Confira o mapa dos efeitos globais do clima no abastecimento de alimentos
Custo também é social
“Até atingirmos emissões líquidas zero, o clima extremo só vai piorar e já está prejudicando as plantações e tornando os alimentos mais caros em todo o mundo. As pessoas estão percebendo: o aumento dos preços dos alimentos é o segundo impacto climático mais percebido em sua vida, perdendo apenas para o calor extremo”, destacou Maximilian Kotz, pesquisador de pós-doutorado Marie Curie no BSC e principal autor do estudo.
Ele lembrou ainda que os mandatos dos bancos centrais para domar a inflação podem se tornar mais difíceis de cumprir, pois o clima extremo torna os preços dos alimentos mais voláteis, tanto doméstica quanto globalmente.
Já Amber Sawyer, analista da Unidade de Inteligência de Energia e Clima (ECIU), citou que, no ano passado, o Reino Unido teve a terceira pior safra já registrada e na Inglaterra a segunda pior, após chuvas extremas que os cientistas dizem ser 10 vezes mais prováveis e 20% mais intensas devido às mudanças climáticas.
“Mas não é só isso. Os agricultores britânicos têm oscilado entre extremos nos últimos anos.
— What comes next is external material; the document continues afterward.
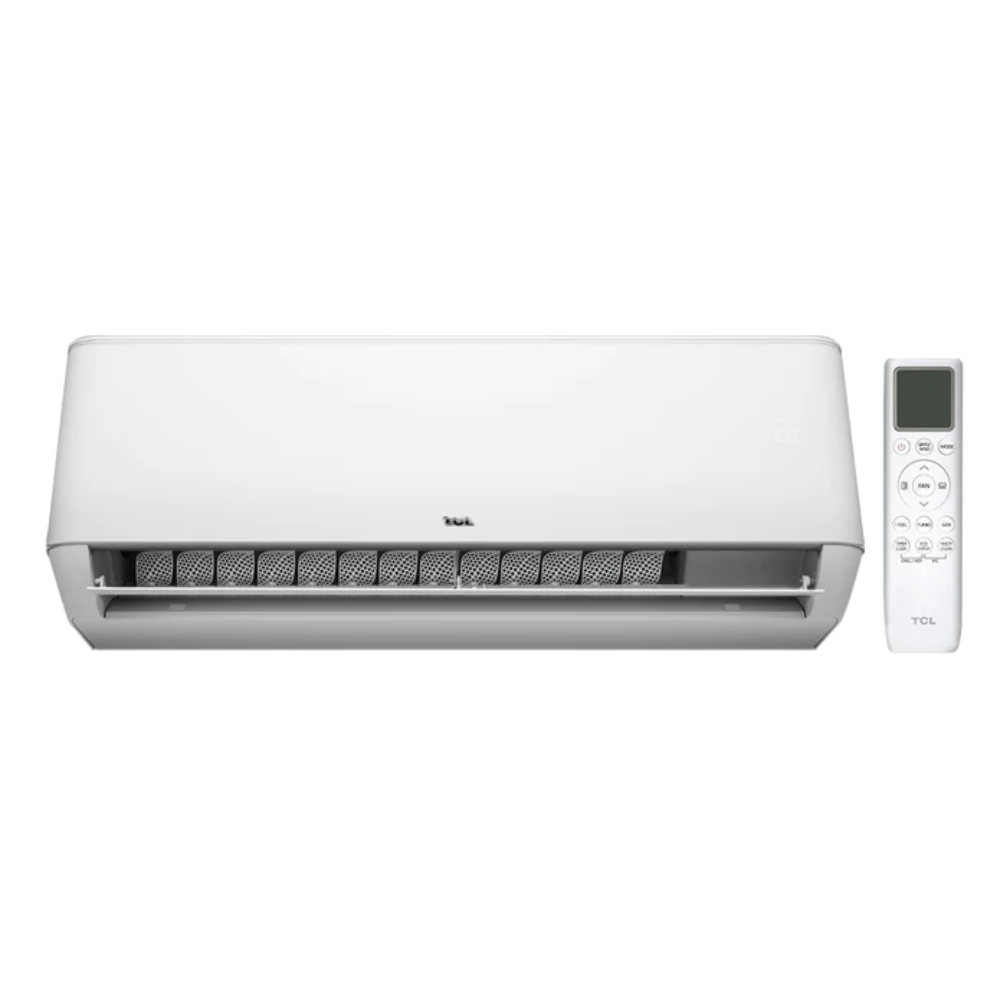 Aire Acondicionado Inverter TCL 12000 BTU Frio-Calor WIFI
Eles passaram de uma onda de calor extremo em 2022 – quando as temperaturas atingiram 40°C pela primeira vez – para chuvas extremas no final de 2023 e início de 2024, ambos prejudicando suas plantações”, afirmou, complementando que, agora, eles acabaram de enfrentar a primavera mais quente desde o início dos registros, e a sexta mais seca. Para eles, a mudança climática não é um aviso futuro: é sua realidade diária.
“Esses extremos também afetam os consumidores. No Reino Unido, as mudanças climáticas adicionaram £ 360 à conta média de alimentos por família apenas entre 2022 e 2023. E desde então, tivemos eventos climáticos ainda mais extremos. O planeta já aqueceu cerca de 1,3°C acima dos níveis pré-industriais. Mas a análise da ONU indica que o curso atual está levando a um aquecimento de cerca de 3 ° C, que eles descrevem como “devastador”.
A pesquisa foi publicada dias antes do Balanço da Cúpula de Sistemas Alimentares da ONU, no domingo (27), onde os líderes mundiais se reunirão para discutir as ameaças ao sistema alimentar global. O evento é co-organizado pela Etiópia e Itália, ambos países atingidos pelo aumento dos preços dos alimentos causados pelas mudanças climáticas, e ambos incluídos no estudo.